Liquidation of Prepetition Damages With respect to all Q400 Covered Equipment, Colgan hereby agrees that
Claim:                             EDC shall have an allowed general unsecured claim (the “ Aggregate Claim
                                   ”) against Colgan based upon the following calculation: (i) the aggregate
                                   principal balance and interest accrued and unpaid thereon (at the non-
                                   default rate) under all Equipment Agreements outstanding as of the Petition
                                   Date, minus (ii) the aggregate amount of Deemed Principal and Interest
                                   Payments (as defined below), minus (iii) the aggregate Deemed Disposition
                                   Proceeds (as defined below) for all Q400 Covered Equipment, minus (iv)

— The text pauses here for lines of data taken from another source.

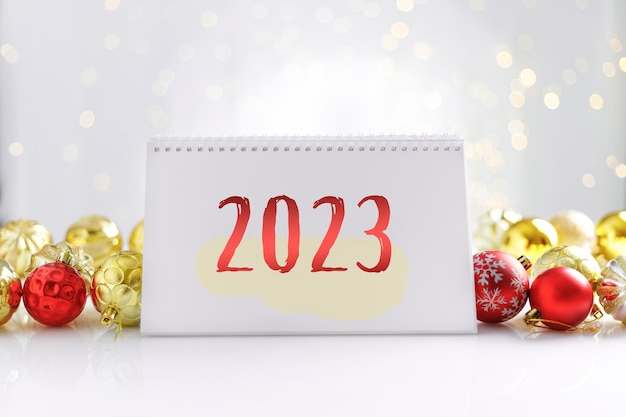 Gelukkig nieuwjaar concept met nummers 2023 op achtergrond bokeh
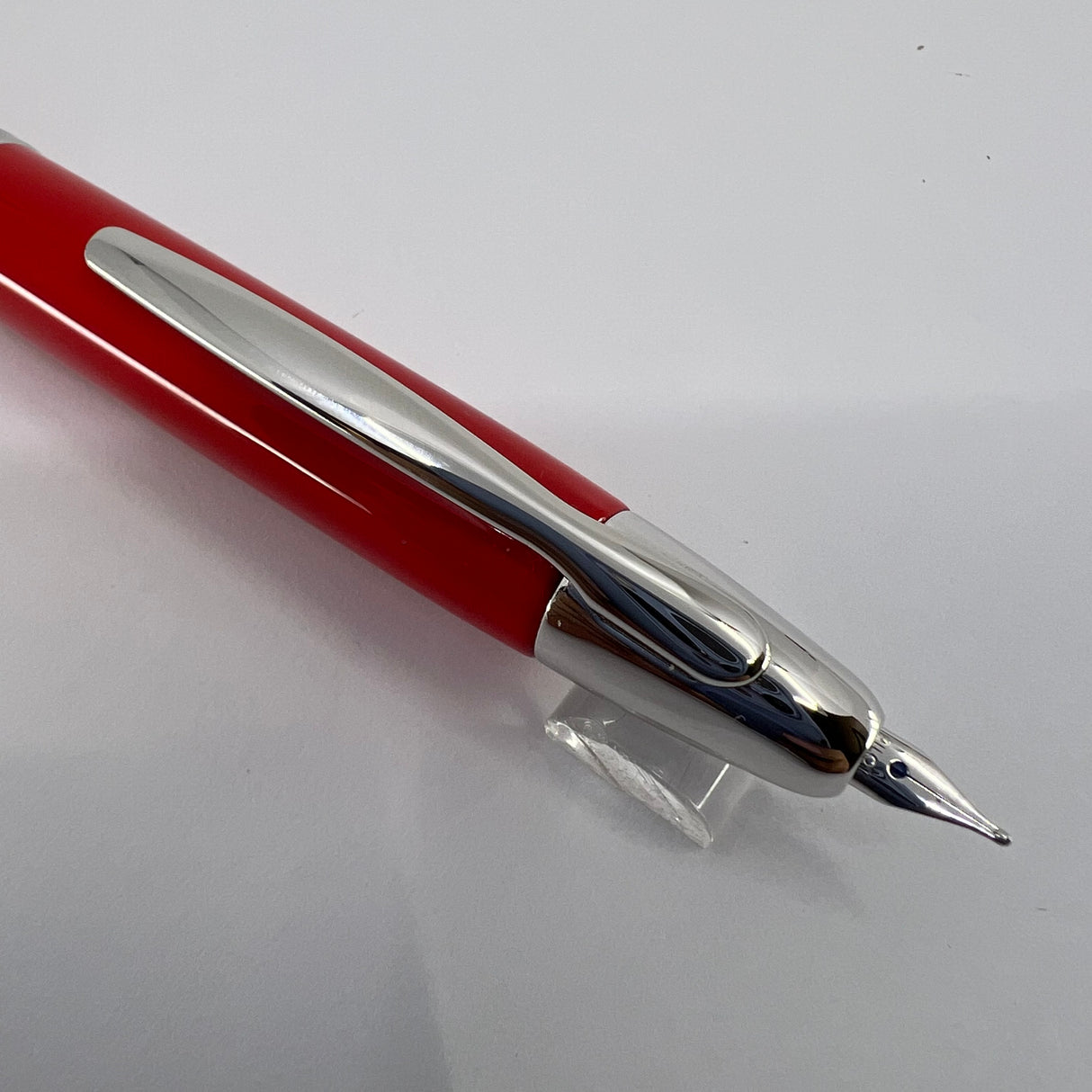 Pilot Vanishing Point 2009 Vivid Red Limited Edition Fountain Pen  - Medium 18kt Gold  Nib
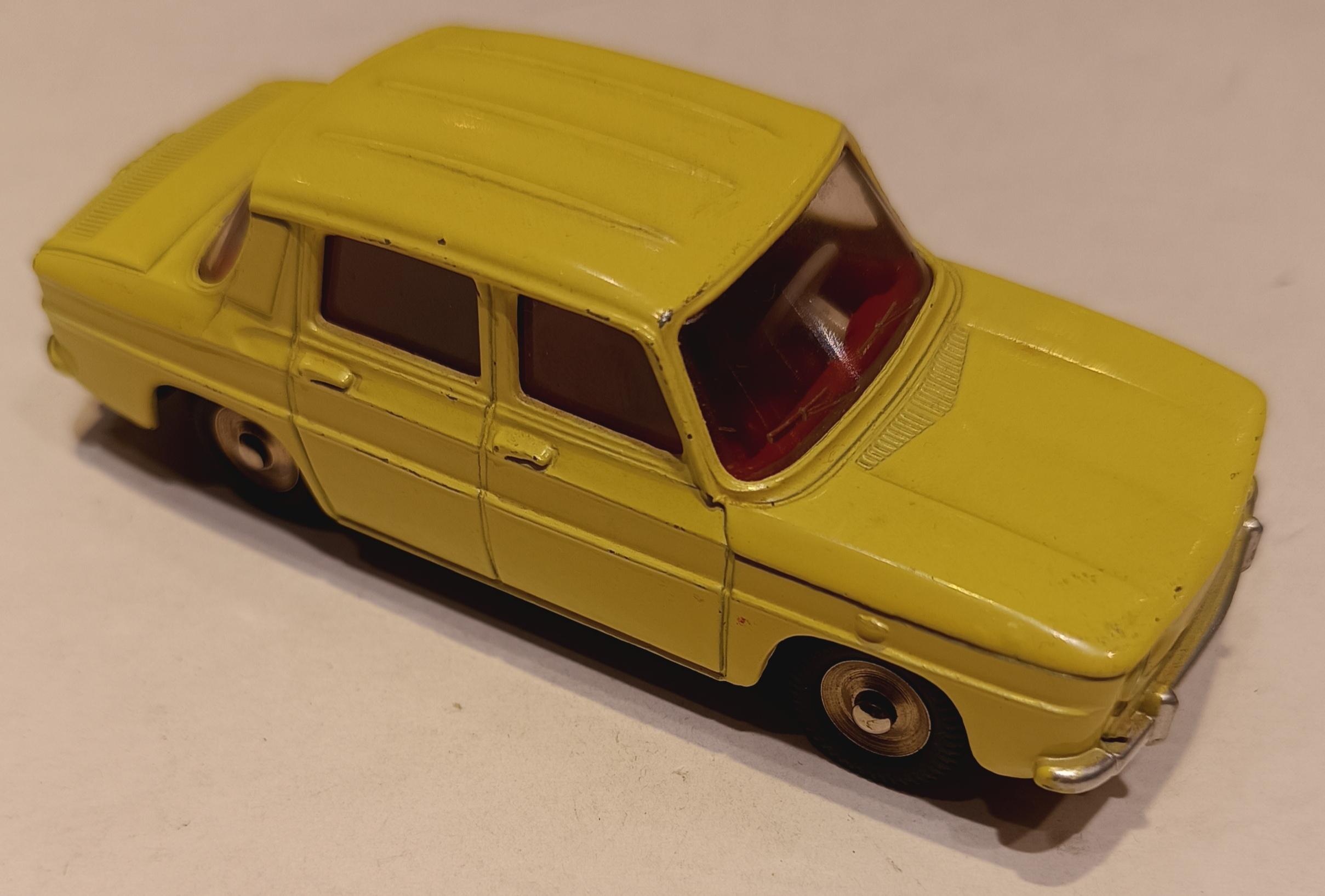 RENAULT R8 DINKY TOYS 1/43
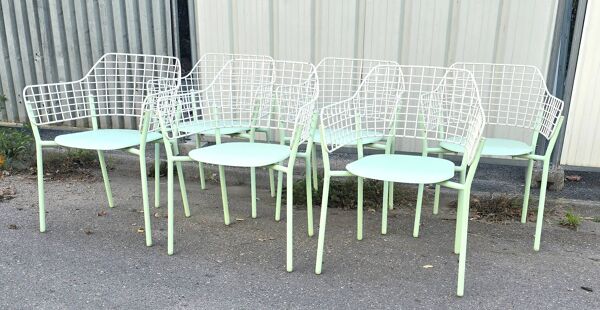 Chaise Lyze, EMU
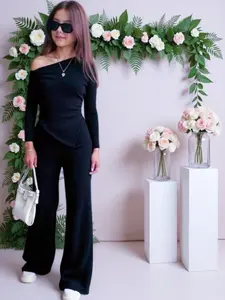 New Spring/Summer Two-Piece Set Outfit For Girls Includes A Solid-Color Off-The-Shoulder Long-Sleeved Top And a Pair Of Casual Pants. Stylish, Comfortable, and Versatile, The Soft Design is Perfect For Everyday Wear and Outdoor Activities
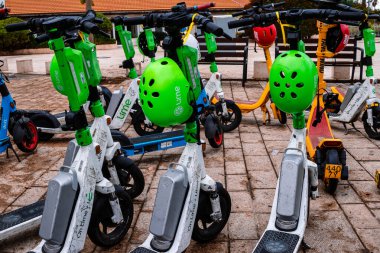 Tel Aviv, İsrail - 6 Aralık 2023 Elektrikli scooterlar İsrail 'de Tel Aviv sokaklarına park edildi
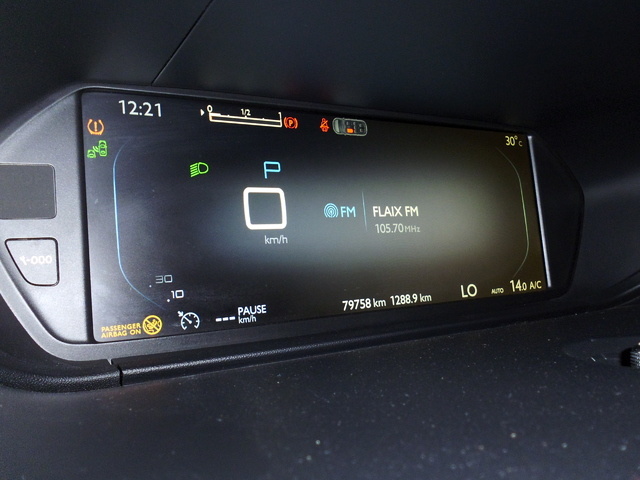 CitroenGrand C4 Picasso BlueHDi 150 Feel EAT6 110 kW (150 CV) Vehículo usado en Barcelona - 33 CitroenGrand C4 Picasso BlueHDi 150 Feel EAT6 110 kW (150 CV) Vehículo usado en Barcelona - 33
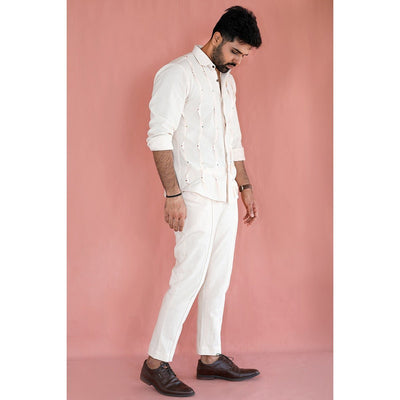 Niran Kora Khadi Shirt | Handwoven Cotton Khadi Shirt for Men – Men Shirt on Brown Living™. SKU: DL0144XSn. Img 6.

                                   $20,000,000; provided that in no event shall the Aggregate Claim be less
                                   than $0.00.
                                   For purposes of this paragraph:
                                     
                                   (I) “  Deemed Principal and Interest Payments ”  means the sum of (a)
                                   $[***] per month (or prorated sum for any portion of a month) during the
                                   Wind-Down Term per Eligible Q400 Covered Aircraft (as defined below)
                                   and (b)$[***] per month (or prorated sum for any portion of a month)
                                   during the Wind-Down Term per Eligible Q400 Spare Engines.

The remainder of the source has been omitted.